Conab upped their Brazilian soybean crop estimate from 66.73 MMT to 67.57 MMT. The census bureau, the IBGE, now say 66.9 MMT. Harvesting there is around a third complete, with the top producing state of Mato Grosso now past halfway done, according to Celeres.

There are still huge logistical problems getting this record crop to the ports and freight terminals however. This will likely keep front-end positions at a premium throughout the summer I feel.

The freight market is also firming up. Unfortunately for the Brazilian grower these charges, and higher trucking costs caused by a shortage of lorries, are both being passed back onto him. That may colour his judgement when planting, spraying and fertilising next seasons crop comes around.

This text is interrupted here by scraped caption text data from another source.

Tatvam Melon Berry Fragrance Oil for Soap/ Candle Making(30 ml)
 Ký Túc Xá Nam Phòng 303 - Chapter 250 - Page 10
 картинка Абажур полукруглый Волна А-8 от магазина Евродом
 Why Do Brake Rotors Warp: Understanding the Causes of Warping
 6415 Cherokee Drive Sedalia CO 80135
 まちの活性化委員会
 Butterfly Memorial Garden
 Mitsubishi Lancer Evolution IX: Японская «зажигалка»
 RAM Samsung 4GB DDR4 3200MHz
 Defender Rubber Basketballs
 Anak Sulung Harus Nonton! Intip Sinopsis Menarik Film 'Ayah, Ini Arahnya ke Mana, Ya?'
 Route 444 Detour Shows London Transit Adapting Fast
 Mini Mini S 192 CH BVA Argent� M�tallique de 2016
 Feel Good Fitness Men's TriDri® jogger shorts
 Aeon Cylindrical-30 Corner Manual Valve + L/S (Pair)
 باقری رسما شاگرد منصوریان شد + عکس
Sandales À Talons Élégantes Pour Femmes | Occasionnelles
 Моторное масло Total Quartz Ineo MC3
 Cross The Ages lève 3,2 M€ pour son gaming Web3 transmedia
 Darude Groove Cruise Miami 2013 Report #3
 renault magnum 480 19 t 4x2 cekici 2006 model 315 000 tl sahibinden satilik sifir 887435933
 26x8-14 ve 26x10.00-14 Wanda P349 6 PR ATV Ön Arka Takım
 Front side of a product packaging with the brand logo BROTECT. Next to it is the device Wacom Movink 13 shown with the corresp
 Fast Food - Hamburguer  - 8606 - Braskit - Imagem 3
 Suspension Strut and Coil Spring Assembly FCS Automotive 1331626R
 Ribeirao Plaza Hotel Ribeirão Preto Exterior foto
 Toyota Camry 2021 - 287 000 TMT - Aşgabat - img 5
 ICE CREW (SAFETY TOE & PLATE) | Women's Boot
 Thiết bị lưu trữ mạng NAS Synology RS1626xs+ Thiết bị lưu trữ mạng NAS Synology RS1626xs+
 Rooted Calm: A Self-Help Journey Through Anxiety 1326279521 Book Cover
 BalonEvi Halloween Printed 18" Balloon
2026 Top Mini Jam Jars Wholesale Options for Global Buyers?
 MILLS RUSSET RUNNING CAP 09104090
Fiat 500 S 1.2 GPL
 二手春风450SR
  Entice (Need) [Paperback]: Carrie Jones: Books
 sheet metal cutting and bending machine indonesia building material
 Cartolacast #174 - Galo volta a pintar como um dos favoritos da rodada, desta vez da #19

Regardless of that, for now we have a record crop on our hands both there and in Argentina.

China imported less soybeans in February, 3.03 MMT, than was originally thought according to the Ministry of Commerce.

Japan are tendering for 152,000 MT of wheat again this week, of that 85,000 MT will be US origin.

With the firmer dollar and weaker crude oil, plus pre-report positioning it would seem that a weaker close is on the cards tonight. Short-covering and profit-taking could however also feature, particularly for corn and wheat.

Early calls for this afternoon's CBOT session: corn called 2 to 4 lower; soybeans called 6 to 8 lower; wheat called 4 to 6 lower.